- Where Insurance & Technology Meet

Infrastructure & Insurance, Risk & Reward

Public infrastructure and military projects played a critical role in socio-economic stability in the 20th century.  Insurers could expand that role to new requirements for monitoring, measuring, and mitigating risk for new assets in the 21st century.

Infrastructure was a lifeline in the 20th century

Growing up in the US in the 1950s and 1960s was a heady time.  Peace (mostly) reigned following the Second World War and the Great Depression was well out of sight.

But neither were out of mind.  Regardless of one’s political party, race, creed, ethnic origin, or economic class, the vast majority agreed that substantial investment in public infrastructure projects kept literally millions of citizens from starving to death on the streets.

And the results of infrastructure projects in the US were (and still are) beautiful and useful.  Cases in point are: The Hoover Dam in Nevada. The Triborough Bridge in New York.   The Overseas Highway running over the ocean from Miami to Key West.  And many more.

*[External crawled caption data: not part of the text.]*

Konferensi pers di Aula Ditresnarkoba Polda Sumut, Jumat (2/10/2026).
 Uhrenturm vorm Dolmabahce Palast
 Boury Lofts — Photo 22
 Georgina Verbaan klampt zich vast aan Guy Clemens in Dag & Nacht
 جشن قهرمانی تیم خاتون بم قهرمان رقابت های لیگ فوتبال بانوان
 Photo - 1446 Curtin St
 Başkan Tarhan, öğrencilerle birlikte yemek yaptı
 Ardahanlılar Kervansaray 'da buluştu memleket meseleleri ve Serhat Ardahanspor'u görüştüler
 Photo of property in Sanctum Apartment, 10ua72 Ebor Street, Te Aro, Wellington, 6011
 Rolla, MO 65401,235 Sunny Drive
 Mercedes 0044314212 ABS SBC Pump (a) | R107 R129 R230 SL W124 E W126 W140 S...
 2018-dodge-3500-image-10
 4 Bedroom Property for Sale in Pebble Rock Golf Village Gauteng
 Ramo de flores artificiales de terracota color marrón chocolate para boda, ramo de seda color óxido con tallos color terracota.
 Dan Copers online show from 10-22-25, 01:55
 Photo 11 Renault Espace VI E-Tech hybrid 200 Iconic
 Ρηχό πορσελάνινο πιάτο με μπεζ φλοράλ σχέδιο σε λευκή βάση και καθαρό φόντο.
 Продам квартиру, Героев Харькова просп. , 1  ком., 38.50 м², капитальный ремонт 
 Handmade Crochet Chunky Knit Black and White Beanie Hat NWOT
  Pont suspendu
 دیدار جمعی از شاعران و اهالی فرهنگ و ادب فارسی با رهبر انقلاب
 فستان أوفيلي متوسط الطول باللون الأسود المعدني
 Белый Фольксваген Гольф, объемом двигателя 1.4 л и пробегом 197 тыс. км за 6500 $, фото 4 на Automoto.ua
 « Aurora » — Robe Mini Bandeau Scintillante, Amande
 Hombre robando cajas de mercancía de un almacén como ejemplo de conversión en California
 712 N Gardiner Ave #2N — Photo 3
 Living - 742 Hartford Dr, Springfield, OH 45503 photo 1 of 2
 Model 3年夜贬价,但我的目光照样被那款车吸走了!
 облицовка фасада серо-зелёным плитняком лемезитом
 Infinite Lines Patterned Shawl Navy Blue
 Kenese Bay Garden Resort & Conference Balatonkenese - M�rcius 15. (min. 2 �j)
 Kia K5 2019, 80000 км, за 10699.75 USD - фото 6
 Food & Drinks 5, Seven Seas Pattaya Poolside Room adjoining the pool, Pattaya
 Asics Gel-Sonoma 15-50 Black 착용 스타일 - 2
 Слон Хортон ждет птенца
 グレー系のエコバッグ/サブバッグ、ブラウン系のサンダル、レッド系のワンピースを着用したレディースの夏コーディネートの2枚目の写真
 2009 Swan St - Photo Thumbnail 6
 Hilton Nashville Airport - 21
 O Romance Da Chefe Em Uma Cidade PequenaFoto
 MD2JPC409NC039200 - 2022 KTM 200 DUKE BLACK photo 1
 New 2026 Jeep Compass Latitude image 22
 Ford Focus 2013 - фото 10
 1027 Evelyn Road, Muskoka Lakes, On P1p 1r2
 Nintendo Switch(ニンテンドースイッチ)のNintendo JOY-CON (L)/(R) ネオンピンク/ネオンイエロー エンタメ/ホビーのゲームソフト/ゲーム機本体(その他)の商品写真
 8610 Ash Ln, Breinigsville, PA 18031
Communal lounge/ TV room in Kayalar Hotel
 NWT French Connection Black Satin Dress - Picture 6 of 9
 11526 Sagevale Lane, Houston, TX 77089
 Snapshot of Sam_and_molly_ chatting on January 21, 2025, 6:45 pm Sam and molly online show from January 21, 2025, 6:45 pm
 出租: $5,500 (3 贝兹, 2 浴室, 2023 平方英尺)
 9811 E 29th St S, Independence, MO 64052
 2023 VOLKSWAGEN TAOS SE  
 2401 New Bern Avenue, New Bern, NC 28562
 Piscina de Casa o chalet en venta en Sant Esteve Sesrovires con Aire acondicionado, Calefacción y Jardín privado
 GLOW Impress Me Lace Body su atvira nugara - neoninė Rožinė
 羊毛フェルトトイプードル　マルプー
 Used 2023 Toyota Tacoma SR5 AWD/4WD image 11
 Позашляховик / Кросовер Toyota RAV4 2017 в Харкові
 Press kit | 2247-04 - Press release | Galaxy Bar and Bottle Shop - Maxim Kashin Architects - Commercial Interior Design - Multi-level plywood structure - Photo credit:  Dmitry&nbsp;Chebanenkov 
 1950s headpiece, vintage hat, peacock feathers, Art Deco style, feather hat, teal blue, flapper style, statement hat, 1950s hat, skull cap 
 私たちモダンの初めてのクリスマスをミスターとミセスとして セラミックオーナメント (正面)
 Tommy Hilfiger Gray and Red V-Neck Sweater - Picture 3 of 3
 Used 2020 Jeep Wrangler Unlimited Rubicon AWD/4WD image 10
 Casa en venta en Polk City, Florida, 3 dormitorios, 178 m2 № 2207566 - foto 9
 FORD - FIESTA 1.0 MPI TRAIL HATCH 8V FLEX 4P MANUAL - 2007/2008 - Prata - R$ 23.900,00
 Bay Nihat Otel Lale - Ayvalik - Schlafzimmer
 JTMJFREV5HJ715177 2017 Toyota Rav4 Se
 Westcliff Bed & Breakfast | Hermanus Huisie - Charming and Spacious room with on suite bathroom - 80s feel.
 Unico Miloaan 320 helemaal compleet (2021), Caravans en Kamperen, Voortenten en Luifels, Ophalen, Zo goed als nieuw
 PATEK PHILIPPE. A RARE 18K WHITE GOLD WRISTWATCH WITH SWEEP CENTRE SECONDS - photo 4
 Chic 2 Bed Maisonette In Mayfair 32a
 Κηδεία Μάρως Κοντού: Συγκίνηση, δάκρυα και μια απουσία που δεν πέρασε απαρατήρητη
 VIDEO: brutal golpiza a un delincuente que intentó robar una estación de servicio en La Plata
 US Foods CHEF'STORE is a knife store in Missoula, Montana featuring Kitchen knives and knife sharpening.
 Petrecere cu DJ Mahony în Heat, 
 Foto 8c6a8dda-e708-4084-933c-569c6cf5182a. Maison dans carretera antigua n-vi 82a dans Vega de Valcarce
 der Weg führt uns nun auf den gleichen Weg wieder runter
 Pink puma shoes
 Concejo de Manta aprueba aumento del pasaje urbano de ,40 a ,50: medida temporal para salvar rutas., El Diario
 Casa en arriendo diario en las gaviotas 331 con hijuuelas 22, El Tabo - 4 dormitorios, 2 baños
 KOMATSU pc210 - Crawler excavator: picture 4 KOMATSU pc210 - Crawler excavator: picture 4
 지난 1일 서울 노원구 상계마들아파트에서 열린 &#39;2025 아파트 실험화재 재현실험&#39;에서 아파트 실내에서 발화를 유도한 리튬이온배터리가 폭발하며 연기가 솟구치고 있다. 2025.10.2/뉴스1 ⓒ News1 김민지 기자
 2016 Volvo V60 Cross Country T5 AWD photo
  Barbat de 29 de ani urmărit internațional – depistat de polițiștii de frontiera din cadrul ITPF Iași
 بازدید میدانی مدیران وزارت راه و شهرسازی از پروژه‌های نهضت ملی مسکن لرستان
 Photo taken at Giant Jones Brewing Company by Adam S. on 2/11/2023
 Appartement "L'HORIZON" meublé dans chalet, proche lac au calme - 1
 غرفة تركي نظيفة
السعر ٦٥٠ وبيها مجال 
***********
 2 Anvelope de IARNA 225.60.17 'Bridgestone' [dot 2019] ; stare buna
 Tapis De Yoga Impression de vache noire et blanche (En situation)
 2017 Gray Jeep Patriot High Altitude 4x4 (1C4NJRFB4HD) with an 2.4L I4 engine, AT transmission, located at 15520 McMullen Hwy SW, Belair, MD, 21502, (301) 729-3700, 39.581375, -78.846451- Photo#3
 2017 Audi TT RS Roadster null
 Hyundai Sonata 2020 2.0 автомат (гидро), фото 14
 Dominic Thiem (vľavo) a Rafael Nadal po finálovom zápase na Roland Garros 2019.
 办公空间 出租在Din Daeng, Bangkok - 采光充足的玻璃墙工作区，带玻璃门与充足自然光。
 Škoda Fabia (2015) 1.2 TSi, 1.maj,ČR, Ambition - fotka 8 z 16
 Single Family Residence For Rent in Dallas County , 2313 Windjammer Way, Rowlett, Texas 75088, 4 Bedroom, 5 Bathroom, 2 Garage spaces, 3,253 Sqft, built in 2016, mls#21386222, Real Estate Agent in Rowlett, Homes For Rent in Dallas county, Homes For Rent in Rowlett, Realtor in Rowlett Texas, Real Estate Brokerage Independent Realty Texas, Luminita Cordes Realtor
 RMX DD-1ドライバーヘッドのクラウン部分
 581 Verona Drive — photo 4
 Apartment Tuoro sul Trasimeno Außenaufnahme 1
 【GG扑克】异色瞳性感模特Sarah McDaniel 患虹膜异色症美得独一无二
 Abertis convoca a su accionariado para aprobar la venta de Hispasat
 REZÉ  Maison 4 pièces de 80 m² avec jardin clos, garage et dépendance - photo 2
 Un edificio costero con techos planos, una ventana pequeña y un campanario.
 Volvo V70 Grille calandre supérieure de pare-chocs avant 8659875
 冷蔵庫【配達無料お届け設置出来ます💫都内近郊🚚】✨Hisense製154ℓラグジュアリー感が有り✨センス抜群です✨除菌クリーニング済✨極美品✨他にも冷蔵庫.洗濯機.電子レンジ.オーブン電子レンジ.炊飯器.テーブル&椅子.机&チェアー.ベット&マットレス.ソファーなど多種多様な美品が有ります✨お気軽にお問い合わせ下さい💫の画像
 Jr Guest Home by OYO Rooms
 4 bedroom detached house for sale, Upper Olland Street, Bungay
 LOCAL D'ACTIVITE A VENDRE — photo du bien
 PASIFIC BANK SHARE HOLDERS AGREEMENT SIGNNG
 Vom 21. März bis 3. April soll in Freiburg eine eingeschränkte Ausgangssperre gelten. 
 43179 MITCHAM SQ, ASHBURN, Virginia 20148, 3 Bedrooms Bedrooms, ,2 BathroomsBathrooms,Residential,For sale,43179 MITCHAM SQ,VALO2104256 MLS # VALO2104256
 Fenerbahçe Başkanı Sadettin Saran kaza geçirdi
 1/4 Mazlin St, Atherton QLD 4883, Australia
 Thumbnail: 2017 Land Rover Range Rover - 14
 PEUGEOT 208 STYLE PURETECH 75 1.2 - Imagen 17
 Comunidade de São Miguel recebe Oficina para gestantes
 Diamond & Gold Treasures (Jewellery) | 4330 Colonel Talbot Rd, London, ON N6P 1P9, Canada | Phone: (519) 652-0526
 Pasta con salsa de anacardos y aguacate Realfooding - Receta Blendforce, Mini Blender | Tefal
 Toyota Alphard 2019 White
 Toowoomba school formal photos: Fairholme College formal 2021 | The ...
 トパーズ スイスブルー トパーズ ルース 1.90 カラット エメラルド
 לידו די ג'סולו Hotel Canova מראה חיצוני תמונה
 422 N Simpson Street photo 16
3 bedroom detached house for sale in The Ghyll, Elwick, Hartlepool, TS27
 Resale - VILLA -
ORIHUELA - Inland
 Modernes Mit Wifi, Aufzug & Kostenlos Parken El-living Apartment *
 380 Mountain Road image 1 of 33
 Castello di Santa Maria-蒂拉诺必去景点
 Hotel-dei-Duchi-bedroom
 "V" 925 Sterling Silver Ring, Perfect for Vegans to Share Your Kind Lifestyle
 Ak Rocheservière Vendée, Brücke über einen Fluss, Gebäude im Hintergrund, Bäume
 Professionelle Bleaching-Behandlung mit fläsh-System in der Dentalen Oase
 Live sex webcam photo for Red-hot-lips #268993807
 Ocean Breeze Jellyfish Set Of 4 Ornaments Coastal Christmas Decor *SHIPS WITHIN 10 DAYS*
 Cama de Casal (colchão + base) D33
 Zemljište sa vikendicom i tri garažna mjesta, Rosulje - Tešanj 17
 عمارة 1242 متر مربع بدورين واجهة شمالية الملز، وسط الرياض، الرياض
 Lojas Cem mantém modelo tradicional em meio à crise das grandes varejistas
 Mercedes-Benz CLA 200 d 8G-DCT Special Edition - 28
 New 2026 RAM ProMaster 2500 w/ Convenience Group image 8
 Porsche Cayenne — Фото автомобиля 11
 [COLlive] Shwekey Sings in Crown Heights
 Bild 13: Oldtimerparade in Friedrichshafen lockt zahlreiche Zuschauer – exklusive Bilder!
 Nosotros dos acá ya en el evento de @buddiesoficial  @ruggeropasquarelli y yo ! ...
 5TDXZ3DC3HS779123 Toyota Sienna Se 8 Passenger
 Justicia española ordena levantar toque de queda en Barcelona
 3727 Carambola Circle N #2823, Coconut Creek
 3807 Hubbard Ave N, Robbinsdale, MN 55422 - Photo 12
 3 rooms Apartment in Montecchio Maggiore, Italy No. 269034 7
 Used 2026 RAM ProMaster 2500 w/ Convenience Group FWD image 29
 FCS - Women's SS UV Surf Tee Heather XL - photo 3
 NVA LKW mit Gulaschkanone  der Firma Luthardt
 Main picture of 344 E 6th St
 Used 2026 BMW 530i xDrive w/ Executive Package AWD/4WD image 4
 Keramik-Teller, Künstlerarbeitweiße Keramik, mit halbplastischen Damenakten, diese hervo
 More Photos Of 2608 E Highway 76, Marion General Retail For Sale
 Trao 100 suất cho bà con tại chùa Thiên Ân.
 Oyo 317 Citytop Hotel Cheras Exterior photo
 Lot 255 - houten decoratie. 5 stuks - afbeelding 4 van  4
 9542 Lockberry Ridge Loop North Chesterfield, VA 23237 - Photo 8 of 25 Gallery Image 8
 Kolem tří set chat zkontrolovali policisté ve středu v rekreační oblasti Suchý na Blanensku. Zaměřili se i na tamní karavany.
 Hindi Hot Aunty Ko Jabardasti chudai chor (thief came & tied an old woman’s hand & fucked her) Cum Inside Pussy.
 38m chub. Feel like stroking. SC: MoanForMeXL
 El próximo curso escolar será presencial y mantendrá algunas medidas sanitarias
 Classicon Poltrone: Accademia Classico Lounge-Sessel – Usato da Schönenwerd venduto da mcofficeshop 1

These projects were catalysts for greater prosperity in North America as well as elsewhere.  Invention and innovation exploded as companies used surplus to invest in R&D.  The next generation went further in schooling.

But nothing lasts forever … 

…especially when upkeep is neglected (and it was).   And while we do not have all of the pressures from the ‘dirty thirties,’ we are facing economic, social, cultural, and, in some cases, existential challenges.

In the recent US elections, there were few points of agreement, but infrastructure investment was one.  The only point of disagreement was how much should be spent.  The winner of the election had the highest bid … just shy of US$1 trillion.

The fall 2016 Economic statement from the Canadian Government was entitled “A Transformational Infrastructure Plan”.  The summary statement says it all:

The time to invest in Canada’s infrastructure is now—to bring Canadians good jobs, a cleaner environment and thriving communities for years to come.  Infrastructure is a key component of strengthening the middle class and having great communities to live in, clean drinking water and clean air to breathe.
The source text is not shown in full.